Lunch came around giving everyone a welcome break from the hard work of the morning. But with so much pennywort, the break couldn’t last forever….

More pennywort

The wading team were making great progress and headed down the back channel to check for rubbish.

Waders

In the afternoon, my favourite find was discovered – an inflatable microphone which got me in the singing mood. Luckily, no one was around to record my rendition of Taylor Swift.

X Factor

Thank you to all the volunteers who came along to our event!

So what did we find?  1 Frozen football, 1 Mickey Mouse ball, 1 other generic ball, 1 fire extinguisher, 1 rope wheel, 1 bike wheel, 1 set of trolley wheels, 1 dustbin lid, 1 net, 1 inflatable microphone, 1 giant iron bar, 2 car seats, 2 scooters, 3 buckets, 14 tyres, 30 bags of other junk along with barrows and barrows and barrows and barrows of floating pennywort. Seriously… there was a lot!

Pennywort Pile

Huge thanks to everyone who helped pack up van after the event and John for supervising the Event Tent; Wally, Theo & Dave for helping supervise everyone on the day, Friends of Ravensbury Park for leading the floating pennywort team, ZipCar for waiving the van’s fee for the day and the Waste Management Team at Merton Council for organising collection of all the rubbish the next day.
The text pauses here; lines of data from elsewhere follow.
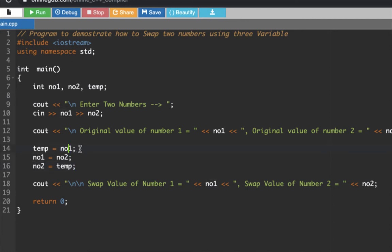What we're doing is assigning the values to the variables here. Take note that we have inputted the value of NO1. We're assigning the value of NO1 to temp. Then NO2 to NO1 - what it does is it overrides the value.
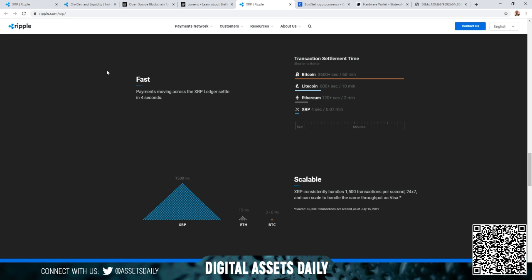But let's get into this - payments moving across the XRP Ledger settle in four seconds. And if you scroll down you can see Bitcoin: three to six transactions per second, Ethereum does about 15 transactions per second, and XRP runs on average 1,500 transactions per second, actually scalable over 65,000 transactions per second to be faster than Visa and Mastercard. XRP consistently handles 1,500 transactions per second 24/7 and can scale to handle the same throughput as Visa. Here is the source: 65,000 transactions per second as of July 15, 2019.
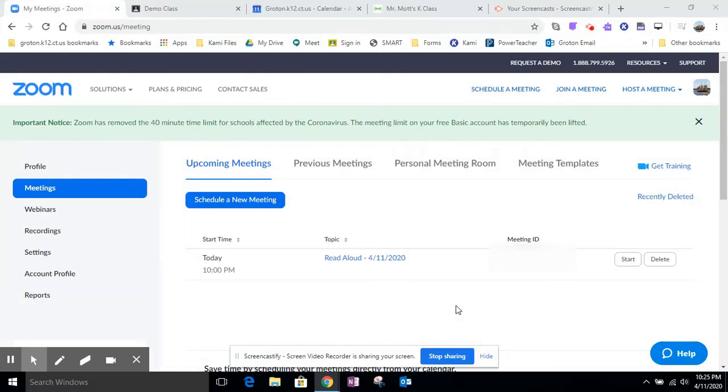Hi everyone, Mr. Mott here. In this video I'm going to show you how to take a Zoom meeting that you've already set up and share it with students on the Seesaw platform.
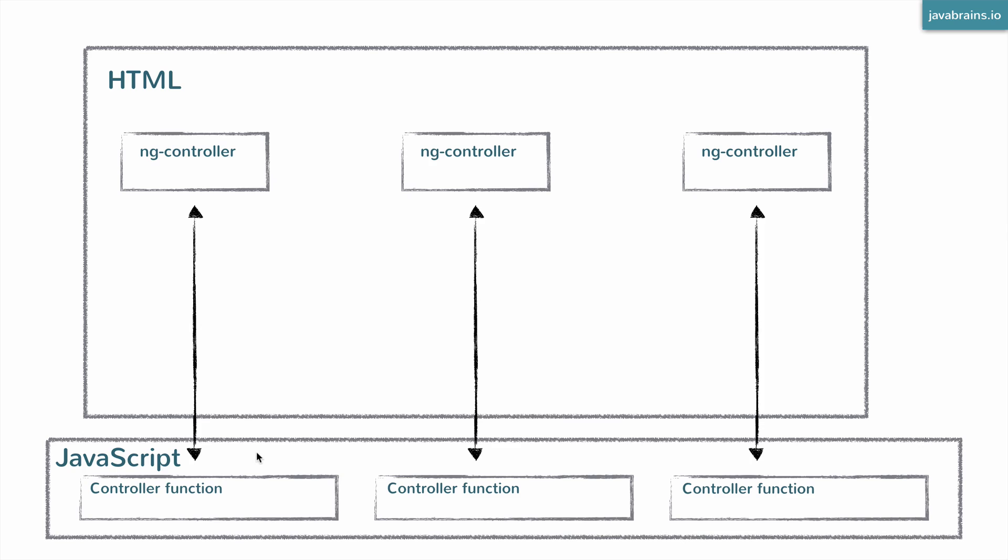What if you want to share things between these things? Now each ngController and controller function is its own island. It has its own scope, it has its own area where it works on. So it's really hard to share. So how do we share things?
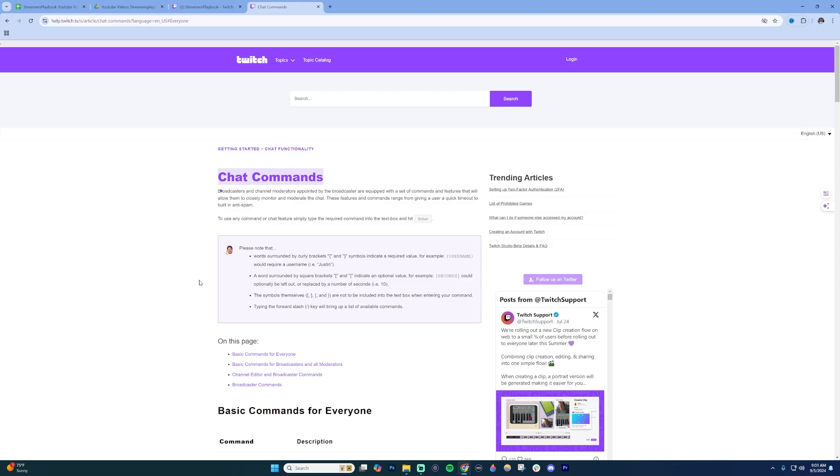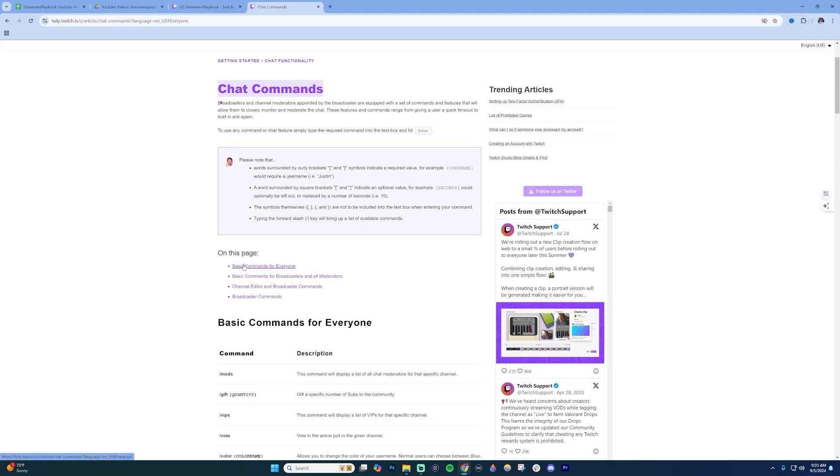If you scroll down, you can jump to different sections like basic commands for everyone, commands for broadcasters and moderators, channel and editor broadcaster commands, and then just broadcaster or streamer commands.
Thank you to all our volunteers for coming: Aaron, Abi, Agnes, Alex, Alison, Andrew, Ann W, Barry, Ben, Camille, Charles, Charlotte, Chris S, Dave J, Dave W, Derek, Dimal, Flora, Fred, Fumbi, Gina, Ian, Ida, Isabelle, Jan, Joe, Johamm, John L, John N, Keith, Khin H, Khin T, Laura H, Louise, Marta, Michael R, Michael S, Naomi, Niki, Paul, Renah, Richard, Richard B, Rose, Sabiha, Sally, Sanya, Sarah A, Sheree, Sophie C, Sophie O, Stewart, Sue, Theo, Tim, Victor, Victoria, Wally, Wayne and Will.

So what did I learn from this month’s cleanup?   White uniforms will always become brown when handling floating pennywort.

Rubbish Pile

Wandle Cleanup: August 2015: Sutton

The one where we cooked in our waders…..

This August was the first of our Capital Cleanups, kindly funded by the Mayor of London Capital Cleanup fund, held in Beddington Park on a very, very sunny and hot day. Not ideal weather for waders or wellies.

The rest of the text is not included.